§ Data shown:
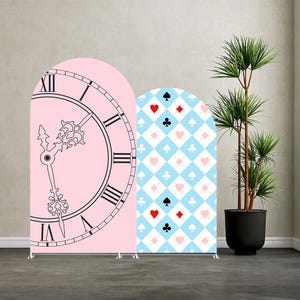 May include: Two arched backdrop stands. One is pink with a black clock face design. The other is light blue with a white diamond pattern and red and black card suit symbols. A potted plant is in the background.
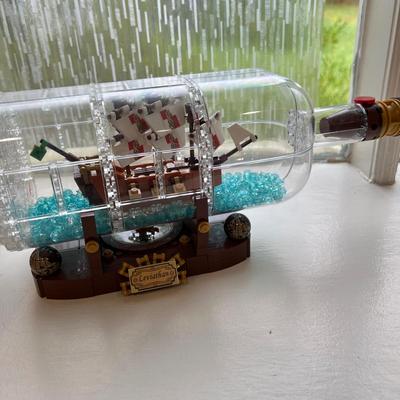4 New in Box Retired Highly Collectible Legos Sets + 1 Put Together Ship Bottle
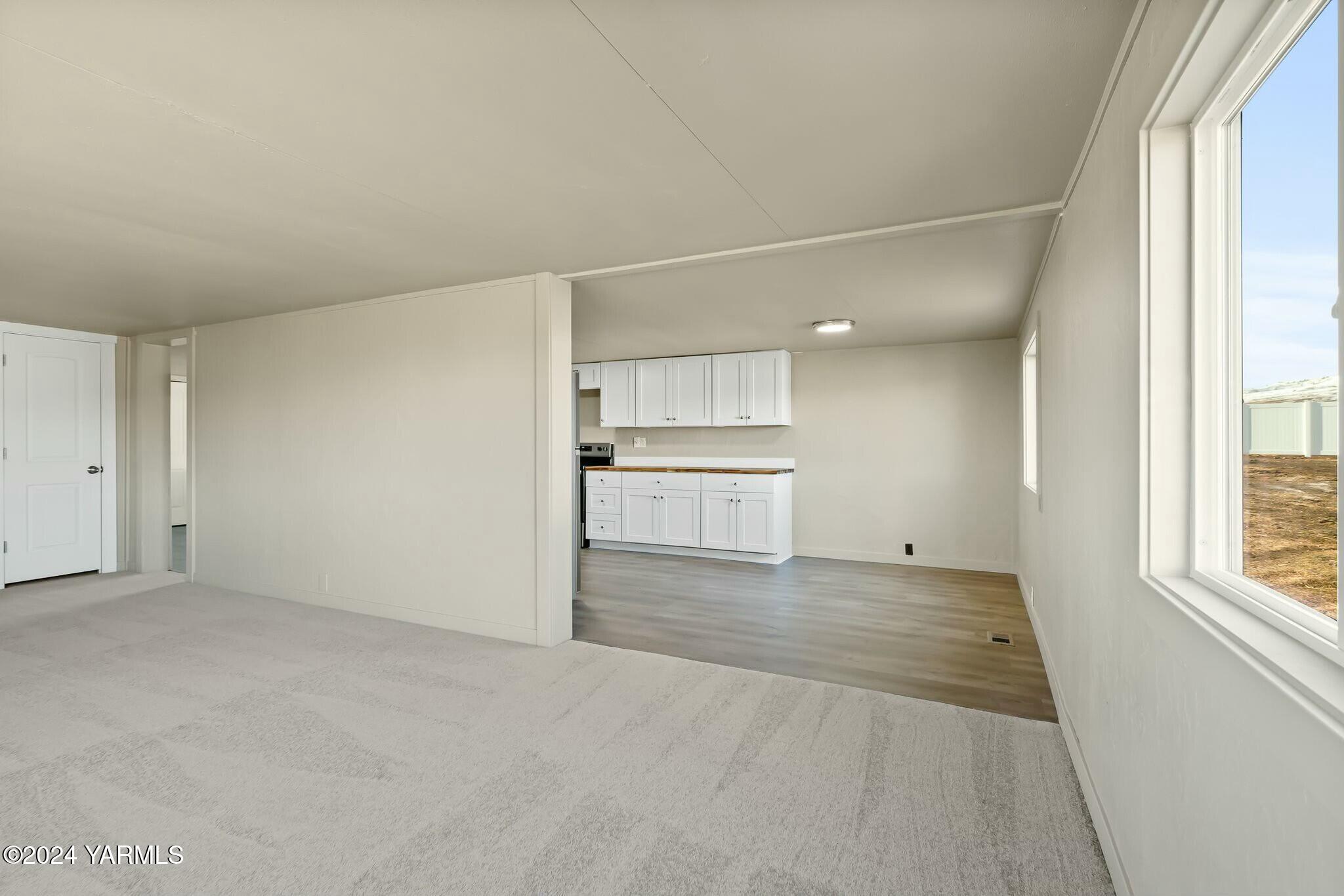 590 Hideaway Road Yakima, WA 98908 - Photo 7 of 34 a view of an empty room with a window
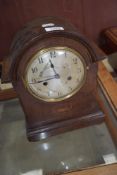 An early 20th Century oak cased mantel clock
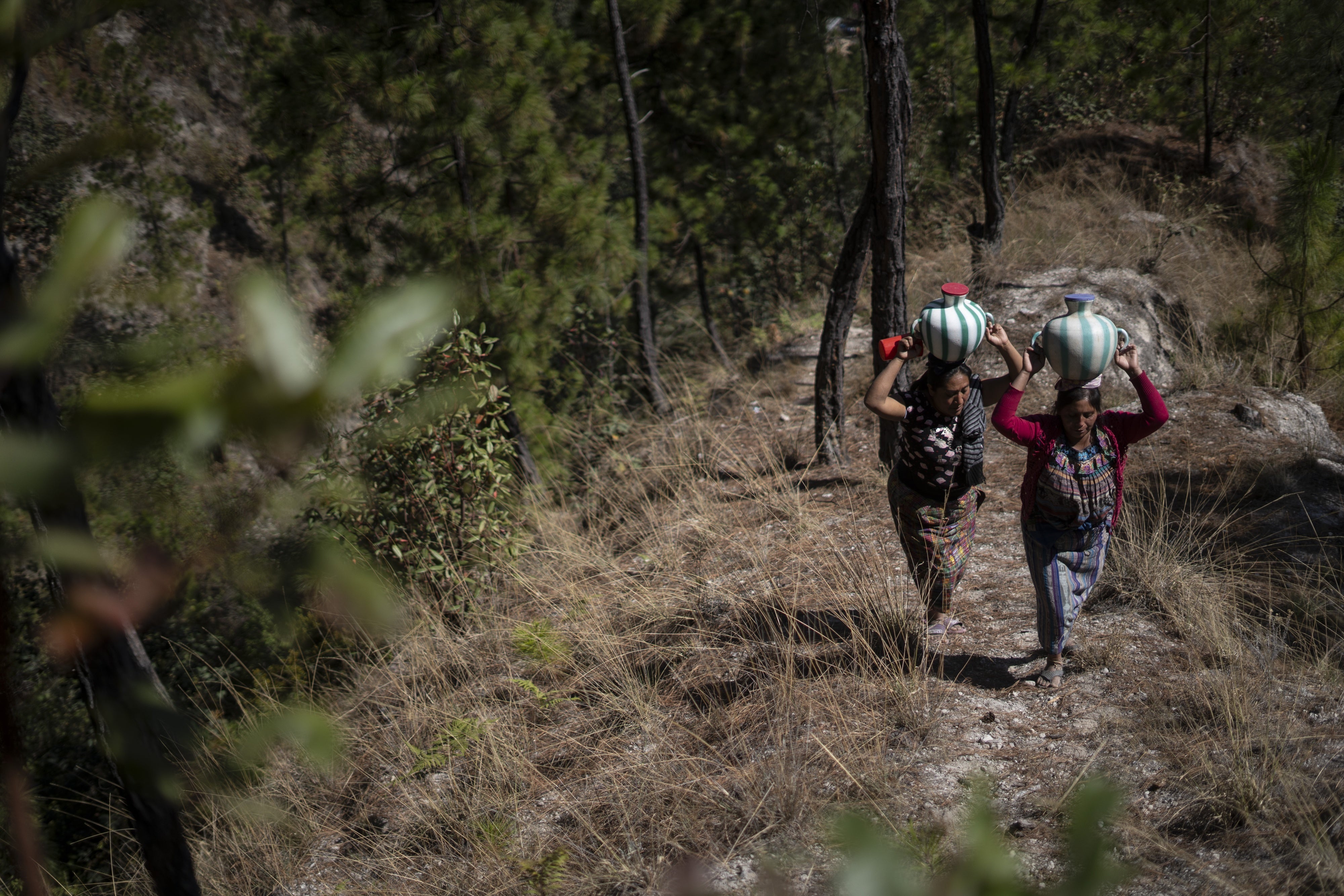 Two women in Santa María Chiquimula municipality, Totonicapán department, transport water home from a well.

* * *

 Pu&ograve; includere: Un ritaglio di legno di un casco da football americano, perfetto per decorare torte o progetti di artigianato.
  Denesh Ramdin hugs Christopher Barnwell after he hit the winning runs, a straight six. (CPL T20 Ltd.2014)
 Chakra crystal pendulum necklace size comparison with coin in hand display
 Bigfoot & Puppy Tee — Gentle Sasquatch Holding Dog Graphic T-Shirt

§ Exercise goal: For this task, return exactly the stretch of the listing above from the line with "590 Hideaway Road" through the line with "Two women in", inclusive and without pictures.

§ Written answer:
 590 Hideaway Road Yakima, WA 98908 - Photo 7 of 34 a view of an empty room with a window
 An early 20th Century oak cased mantel clock
 Two women in Santa María Chiquimula municipality, Totonicapán department, transport water home from a well.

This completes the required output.